Eye Exam: Can Specific Types of Light Prevent or Slow Myopia?

Findings May Lead to New Treatments for Nearsightedness

Child with glasses
With a $1.8 million research grant sponsored by the National Eye Institute, UH optometrist Lisa Ostrin is examining why an ever-increasing number of youngsters need glasses and, specifically, if exposure to specific types of light might prevent myopia, or nearsightedness.
Assistant Professor of Optometry Lisa Ostrin
Assistant professor of Optometry Lisa Ostrin in her lab of many colors.

At night Lisa Ostrin’s lab at the University of Houston College of Optometry often looks like the setting of a disco slumber party, a place where a child, aged 7 to 14, accompanied by a guardian, sleeps over and is periodically exposed to blue or red lights.

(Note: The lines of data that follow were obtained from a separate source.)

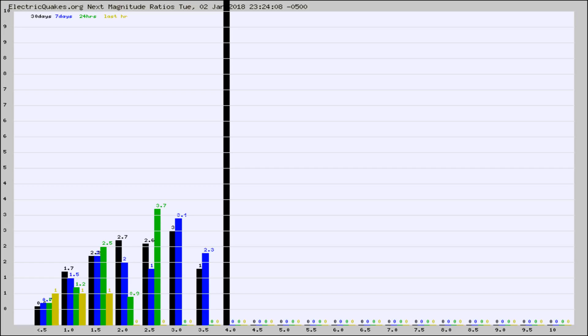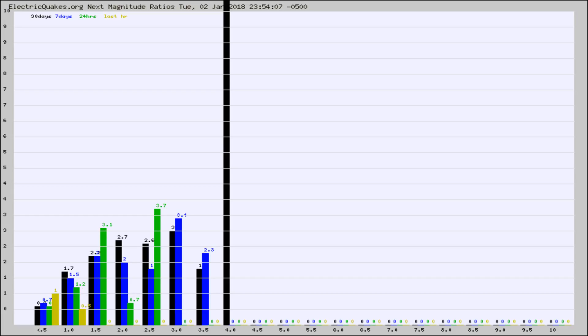Again, the black column is 30 days, blue is 7, green is 24 hours, and gold is in the last hour. Any ratios out of whack will show up as a red column and may indicate a new earthquake might occur at the higher next magnitude.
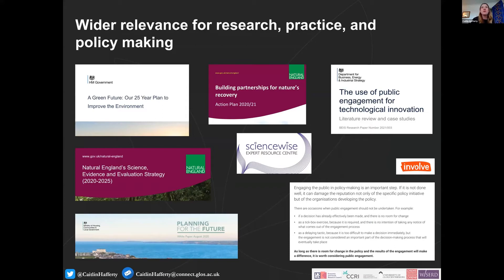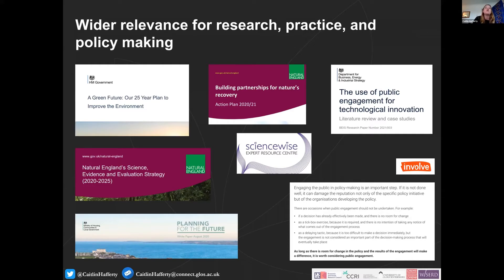I'm very keen on having outputs from these projects with wider relevance for research, policy and practice. There are lots of documents circulating at the moment — some recent, some slightly older — where public engagement is highlighted as really key, with messages that the public have a right to be involved in decisions which affect them. The Planning for the Future White Paper explicitly talks about mapping tools and other geolocated information tools for engaging the public, and how that can be used within the planning sector.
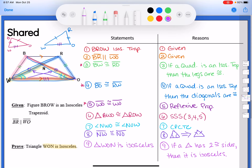We used the idea that BROW was an isosceles trapezoid to get the properties and write them in if-then form in our proof. The given about BR being parallel to WO helped identify which sides were the legs. We didn't use it for angle work, but we needed it to know the correct sides.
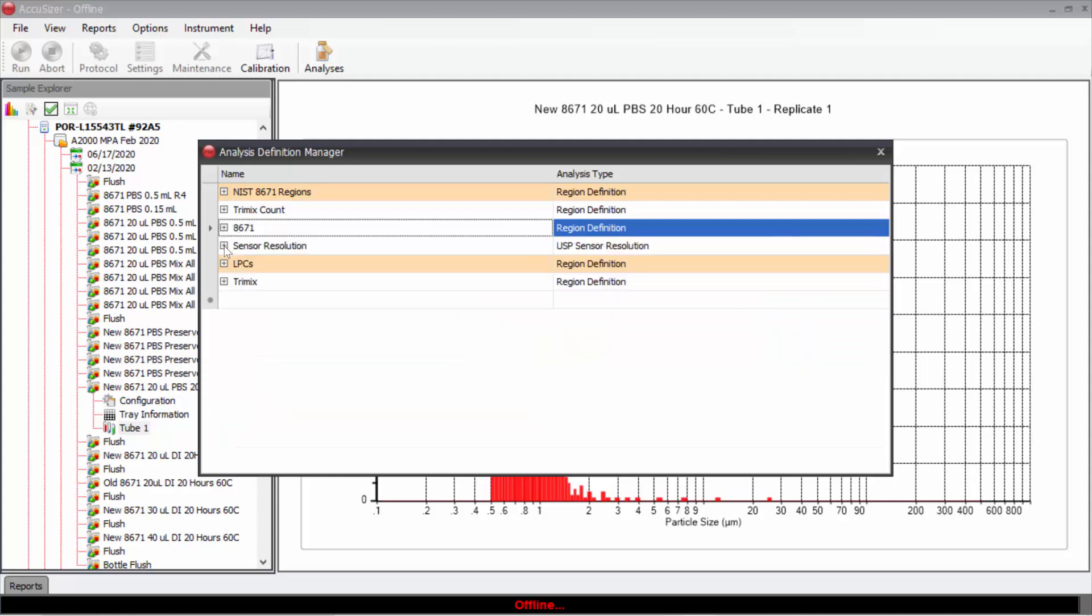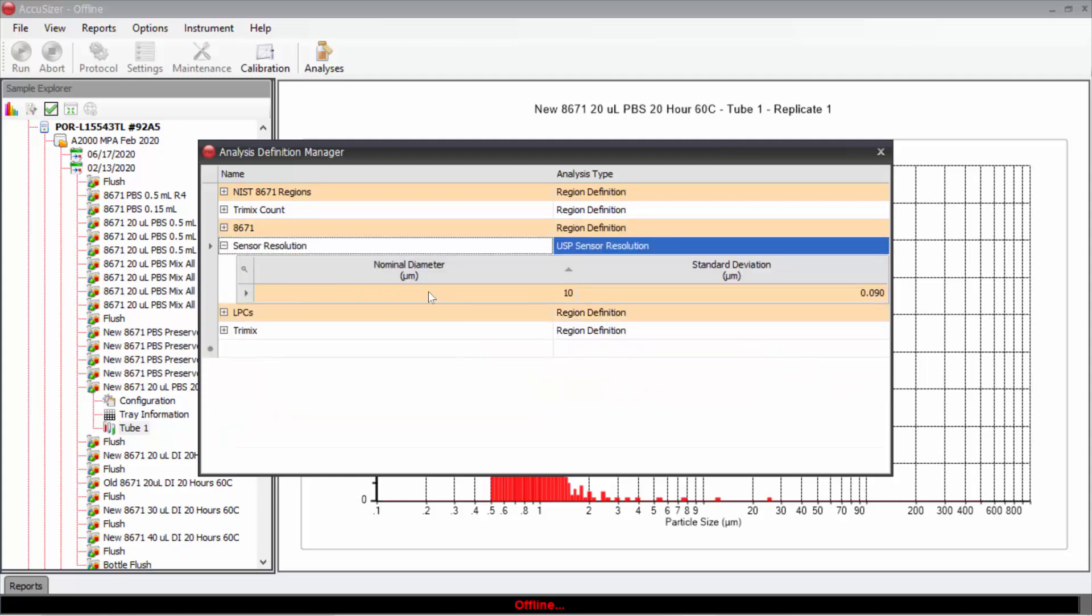Here is an example of a region for doing the USP 788 sensor resolution where I really just enter the size and the standard deviation.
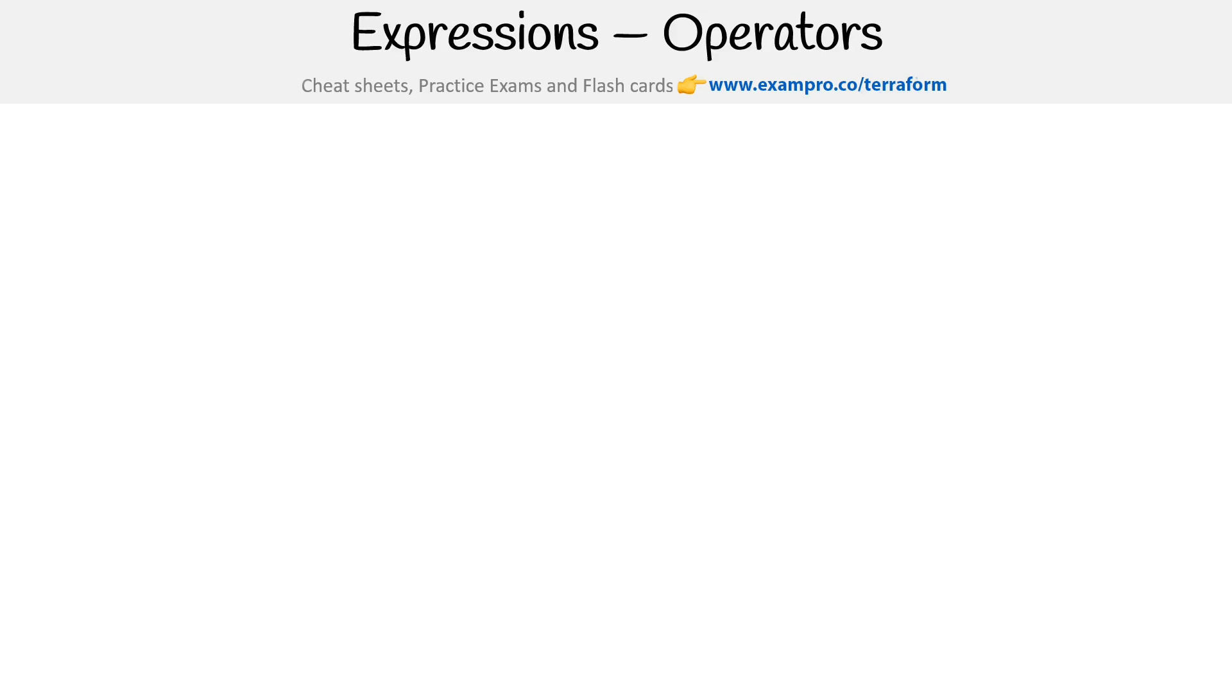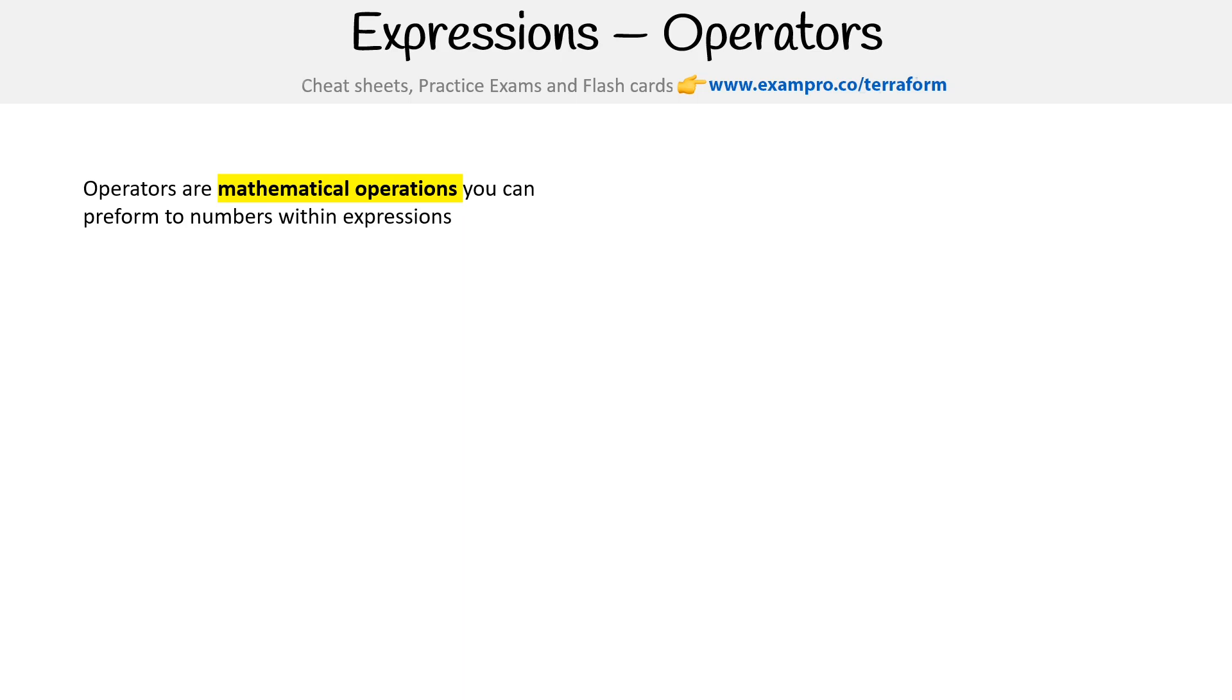Let's take a look here at the possible operators that we can use within Terraform expressions. Just a refresher: operators are mathematical operations you can perform to numbers within expressions. I'm not going to show full examples here and the outputs of them because this is pretty common for programming or scripting languages.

“At night we become a five-star hotel,” said assistant professor Ostrin, good humoredly explaining part of her $1.8 million research grant, sponsored by the National Eye Institute. The goal is to find why an ever-increasing number of youngsters need glasses and, specifically, if exposure to specific types of light might prevent myopia, or nearsightedness.

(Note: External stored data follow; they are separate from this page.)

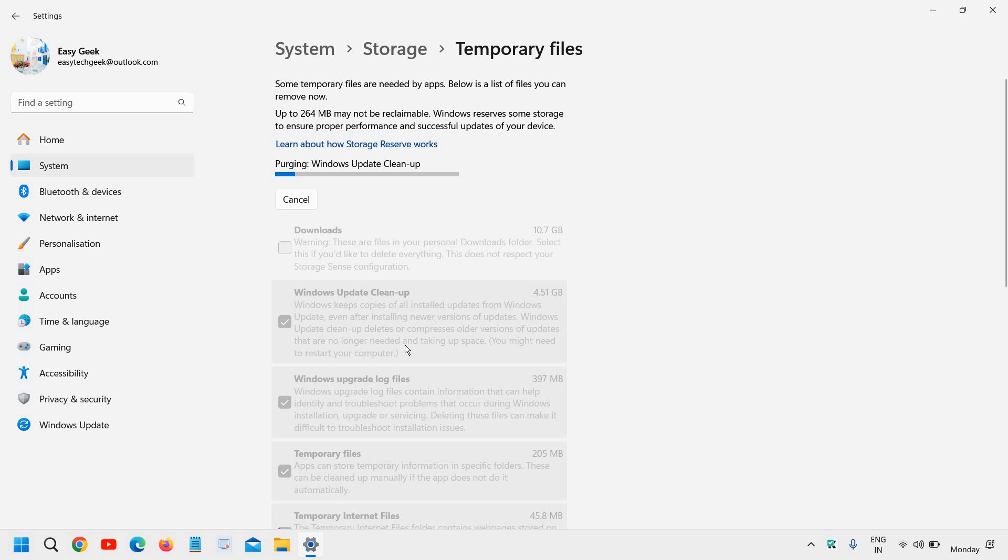In this manner, you can free up space. The performance of your computer will be better, and if you have any Windows Update issues, those will also be fixed.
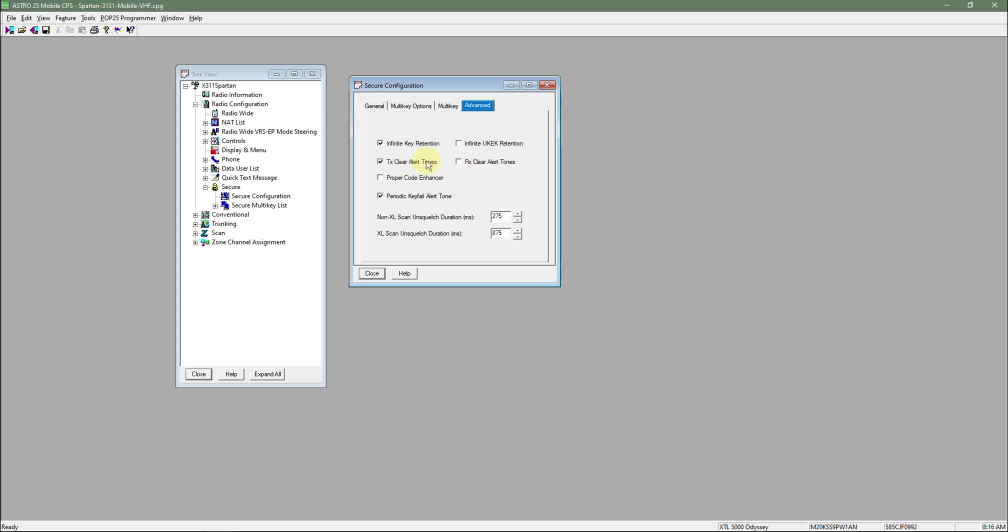and you'll see these two checkboxes, TX Clear Alert Tones and RX Clear Alert Tones. When you check those boxes,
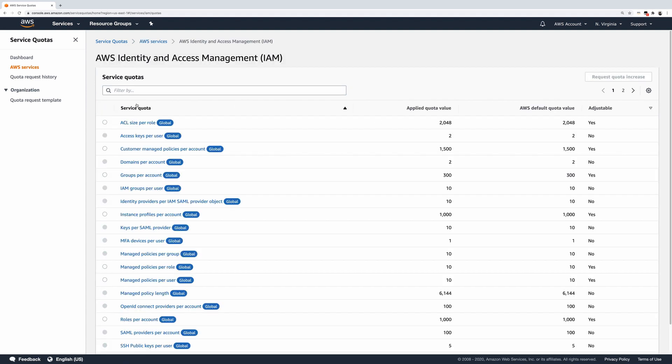For adjustable IAM quotas, you can request a quota increase. Smaller increases are automatically approved in Service Quotas and are completed within a few minutes. Larger requests above the maximum auto-approved increase are submitted to AWS Support. You can track your request case in the AWS Support Console.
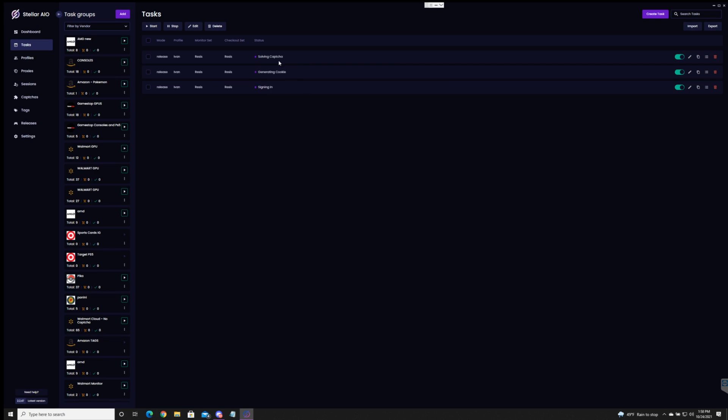Realistically when a drop happens you're going to see a bunch of errors like this. So don't freak out. Be patient. Like I said the key is to have different providers and try different proxies and captchas. There you go. This first one is going through it again adding to cart. Out of stock. Perfect.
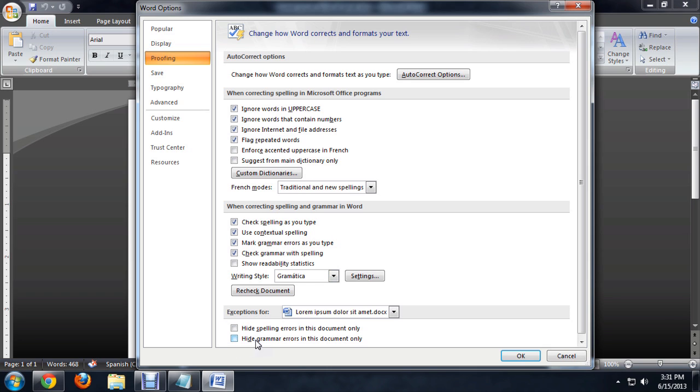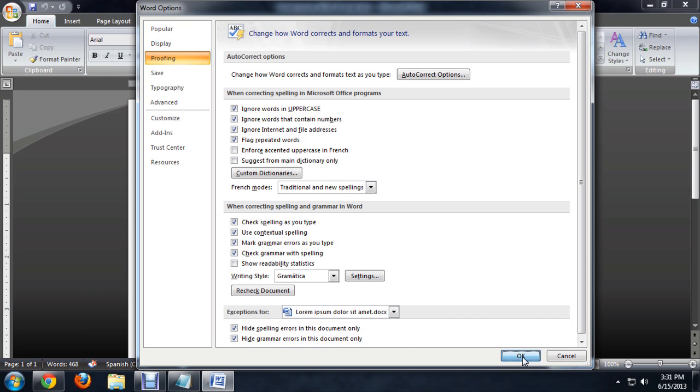But at the very, very bottom, we have a list for exceptions. And we can check hide spelling errors and also hide the grammar errors for this document. And we'll say OK.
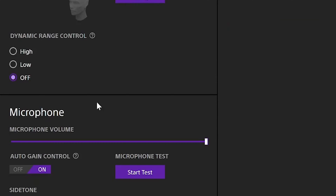Under the sound settings tab for the H9 or H7 headset, there's a microphone volume slider. When slid all the way to the right, it's going to increase the microphone volume. When slid all the way to the left, it's going to decrease the microphone volume.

“In children, the prevalence of myopia is increasing faster than genetics can account for, so that means it’s something environmental or behavioral that children are doing,” said Ostrin. While light from computers, video games and cell phones (“near work”) continues to be studied for its impact on myopia, a new clue has emerged: Outdoor light, or ambient illumination.

“The strongest evidence is that children who spend more time outdoors have less nearsightedness, so now we are trying to find out why that is happening,” said Ostrin. Evidence shows that light might affect the choroid, a network of blood vessels behind the retina, and that the choroid is altered in myopic eye growth. Some studies suggest that a specific part of the spectrum, such as red light, thickens the choroid and might ultimately prevent myopia. However, this has not yet been tested in children.

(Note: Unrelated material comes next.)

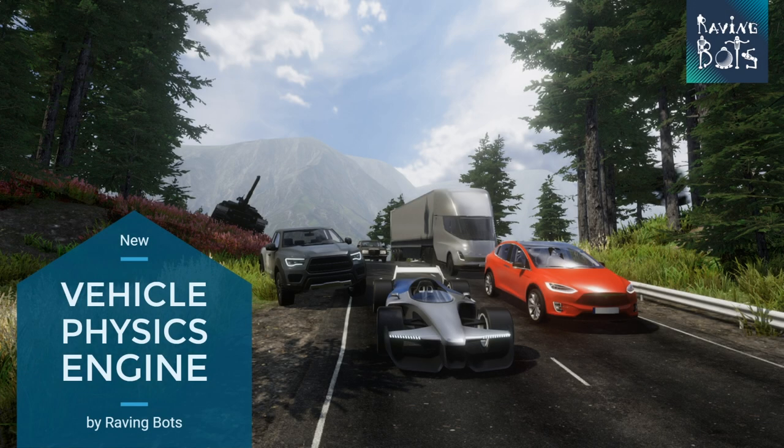Hi, my name is Bartek Dzieńkowski and I am the CEO of RavingBots, a humble studio making vehicle simulators. I'm also the author of our new Vehicle Physics Engine that is the topic of this presentation. It is my first presentation in which I discuss the technical aspects of our solution. Instead of complicated formulas, I put a lot of pictures, so I hope you find this material easy to understand and interesting.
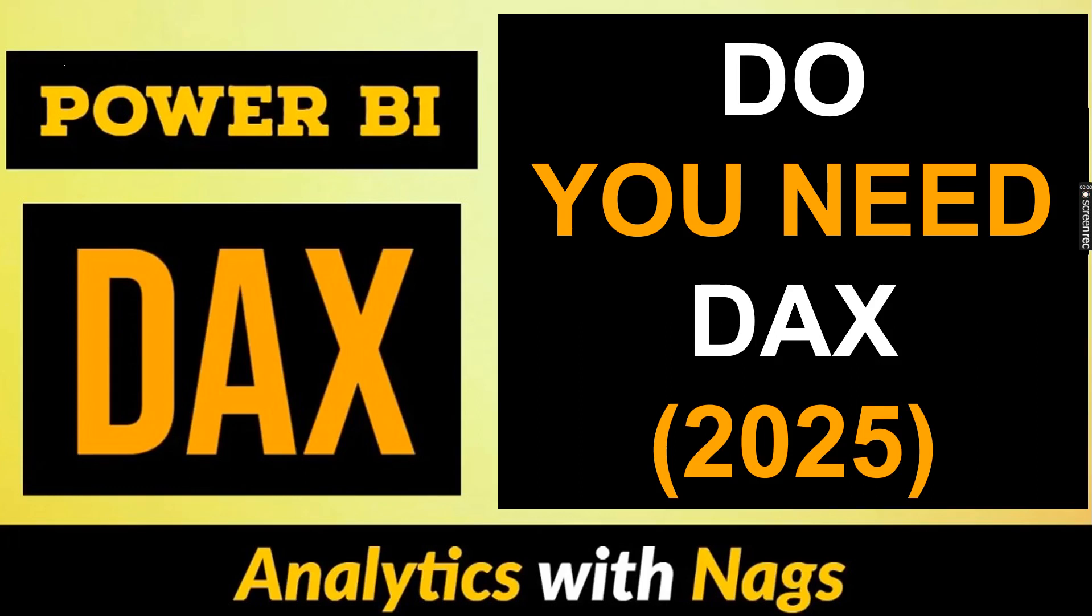Welcome to Analytics with NAGS. In this video I'm going to talk about do we need to learn DAX in 2025? The simple answer is yes and let's try to understand why.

Ostrin is examining the choroid in children to understand how circadian rhythm, light exposure, and defocus from lenses that blur images impact choroidal thickness. Prior research only scratched the surface for information, in the form of questionnaires for parents on their children’s daily habits. Now Ostrin supplies wearable technology for a precise recording, to the minute, of how much light exposure a child is getting.

The scope of the problem

By 2050 almost 50% of the world will be myopic, or unable to see far, according to the National Eye Institute. The World Health Organization has called the rapid increase “alarming.” Myopia typically appears when children are in their early school years and can be associated with long-term eye health problems, even blinding complications. Thus the effort to slow down the progression in children.

Ostrin expects her findings to be significant, aiding in the development of new myopia treatment options.

“We are filling a critical void in our understanding of the role of visual input on choroidal modulation in children, and shedding light on mechanisms underlying optical treatment strategies for myopia control,” said Ostrin, “The research will contribute to the development of targeted treatment options to prevent myopia and slow progression.”

In the meantime, the kids are having fun at their color-filled sleepover.